- **Task brief**:
Repeat the records below line by line, exactly, finishing on the line that contains "Lot 101 - A blue topaz and diamond pendant".

- **Data extract**:

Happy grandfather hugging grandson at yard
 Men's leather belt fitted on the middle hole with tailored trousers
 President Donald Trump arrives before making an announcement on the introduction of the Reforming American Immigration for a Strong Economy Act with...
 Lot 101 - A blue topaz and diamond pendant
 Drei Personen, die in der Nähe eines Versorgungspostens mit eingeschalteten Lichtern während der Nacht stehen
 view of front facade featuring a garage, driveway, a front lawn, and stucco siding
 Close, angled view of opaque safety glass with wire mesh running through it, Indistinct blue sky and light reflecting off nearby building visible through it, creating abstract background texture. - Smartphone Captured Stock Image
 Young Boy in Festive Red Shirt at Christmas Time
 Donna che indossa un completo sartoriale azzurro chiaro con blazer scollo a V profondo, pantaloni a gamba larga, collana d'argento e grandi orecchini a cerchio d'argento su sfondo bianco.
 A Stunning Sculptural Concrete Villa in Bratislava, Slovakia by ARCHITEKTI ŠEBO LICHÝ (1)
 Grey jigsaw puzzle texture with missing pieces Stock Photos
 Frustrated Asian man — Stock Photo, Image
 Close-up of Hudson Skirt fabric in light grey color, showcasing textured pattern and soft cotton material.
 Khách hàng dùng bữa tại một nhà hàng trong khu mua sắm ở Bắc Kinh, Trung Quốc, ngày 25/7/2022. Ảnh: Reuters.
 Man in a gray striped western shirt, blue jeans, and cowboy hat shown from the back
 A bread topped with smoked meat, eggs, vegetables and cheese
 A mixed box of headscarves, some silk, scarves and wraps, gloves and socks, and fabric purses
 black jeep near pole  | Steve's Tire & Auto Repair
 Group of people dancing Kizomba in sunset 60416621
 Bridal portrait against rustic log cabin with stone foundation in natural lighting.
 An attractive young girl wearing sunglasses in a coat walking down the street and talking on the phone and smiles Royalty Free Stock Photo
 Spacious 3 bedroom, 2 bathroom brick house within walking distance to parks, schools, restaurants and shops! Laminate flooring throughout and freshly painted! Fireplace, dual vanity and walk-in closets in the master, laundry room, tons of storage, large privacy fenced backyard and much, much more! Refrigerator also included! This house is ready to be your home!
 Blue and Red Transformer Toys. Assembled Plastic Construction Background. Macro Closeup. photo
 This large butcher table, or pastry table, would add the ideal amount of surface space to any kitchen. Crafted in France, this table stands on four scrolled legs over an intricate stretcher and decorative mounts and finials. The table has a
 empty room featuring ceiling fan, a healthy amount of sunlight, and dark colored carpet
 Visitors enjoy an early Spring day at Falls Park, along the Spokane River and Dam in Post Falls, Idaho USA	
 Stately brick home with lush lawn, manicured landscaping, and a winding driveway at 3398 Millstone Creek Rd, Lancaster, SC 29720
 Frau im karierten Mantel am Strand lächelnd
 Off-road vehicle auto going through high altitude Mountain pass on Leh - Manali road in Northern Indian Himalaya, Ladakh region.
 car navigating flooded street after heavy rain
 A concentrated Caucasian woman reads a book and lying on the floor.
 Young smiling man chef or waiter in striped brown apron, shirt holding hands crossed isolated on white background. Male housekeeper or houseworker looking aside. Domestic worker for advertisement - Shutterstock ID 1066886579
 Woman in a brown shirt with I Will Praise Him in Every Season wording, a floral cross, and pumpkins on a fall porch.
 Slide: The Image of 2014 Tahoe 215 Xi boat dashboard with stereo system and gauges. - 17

- **Task solution**:
Happy grandfather hugging grandson at yard
 Men's leather belt fitted on the middle hole with tailored trousers
 President Donald Trump arrives before making an announcement on the introduction of the Reforming American Immigration for a Strong Economy Act with...
 Lot 101 - A blue topaz and diamond pendant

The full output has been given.